In [4]:
# 📌 Install required libraries
# TASK 2: Chatbot for FAQs
!pip install nltk scikit-learn

# 📌 Import libraries
import nltk
import numpy as np
from sklearn.feature_extraction.text import TfidfVectorizer
from sklearn.metrics.pairwise import cosine_similarity

nltk.download('punkt')
nltk.download('wordnet')
nltk.download('punkt_tab') # Add this line to download the missing resource

from nltk.stem import WordNetLemmatizer

# 📌 Preprocessing Function
lemmatizer = WordNetLemmatizer()

def preprocess(text):
    tokens = nltk.word_tokenize(text.lower())
    tokens = [lemmatizer.lemmatize(word) for word in tokens if word.isalnum()]
    return " ".join(tokens)

# 📌 Example FAQ Dataset (You can expand this)
faqs = {
    "What is AI?": "AI stands for Artificial Intelligence. It enables machines to mimic human intelligence.",
    "What is NLP?": "NLP means Natural Language Processing.

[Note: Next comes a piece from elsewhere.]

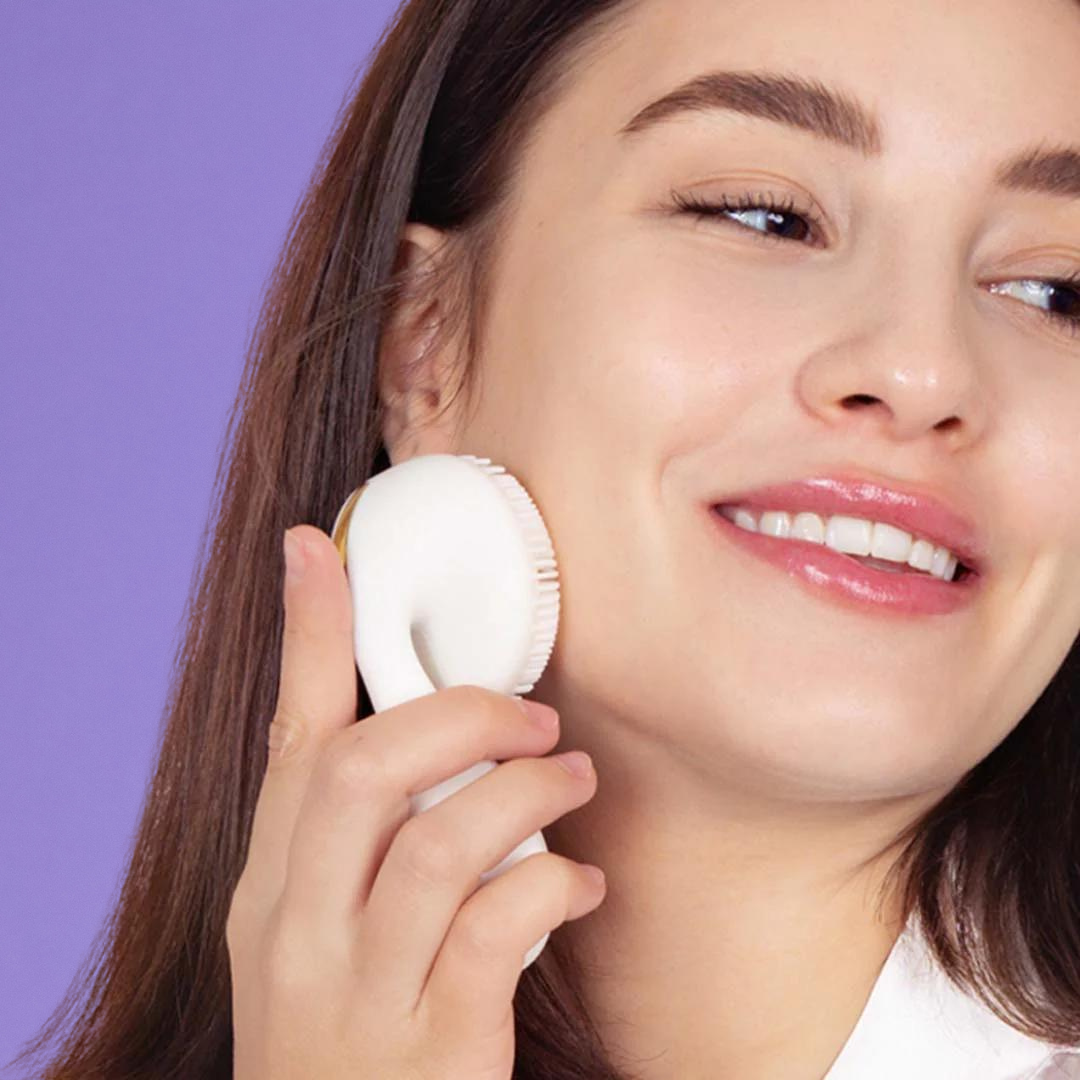 מברשת הפנים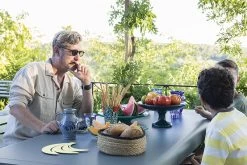 Bellevie Tisch, 196 x 90 cm, Acapulcoblau -Dekohaus Verkauf BELLEVIE GRIS ORAGE ENVIE D AILLEURS MONTELIMAR ALBUM2021 AURELIE LECUYER 2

It helps computers understand human language.",
    "What is Machine Learning?": "Machine Learning is a subset of AI where systems learn patterns from data.",
    "How to contact support?": "You can reach support by emailing support@codealpha.tech.",
    "What is Python?": "Python is a popular programming language used in AI, data science, and web development.",
    "Who created ChatGPT?": "ChatGPT was developed by OpenAI."
}

# 📌 Preprocess FAQs
questions = list(faqs.keys())
answers = list(faqs.values())
preprocessed_questions = [preprocess(q) for q in questions]

# 📌 TF-IDF Vectorization
vectorizer = TfidfVectorizer()
X = vectorizer.fit_transform(preprocessed_questions)

# 📌 Chatbot Function
def chatbot_response(user_query):
    user_query_processed = preprocess(user_query)
    user_vec = vectorizer.transform([user_query_processed])

    similarity = cosine_similarity(user_vec, X)
    idx = similarity.argmax()
    confidence = similarity[0][idx]

    if confidence > 0.2:  # Threshold
        return answers[idx]
    else:
        return "🤖 Sorry, I don't understand your question. Can you rephrase?"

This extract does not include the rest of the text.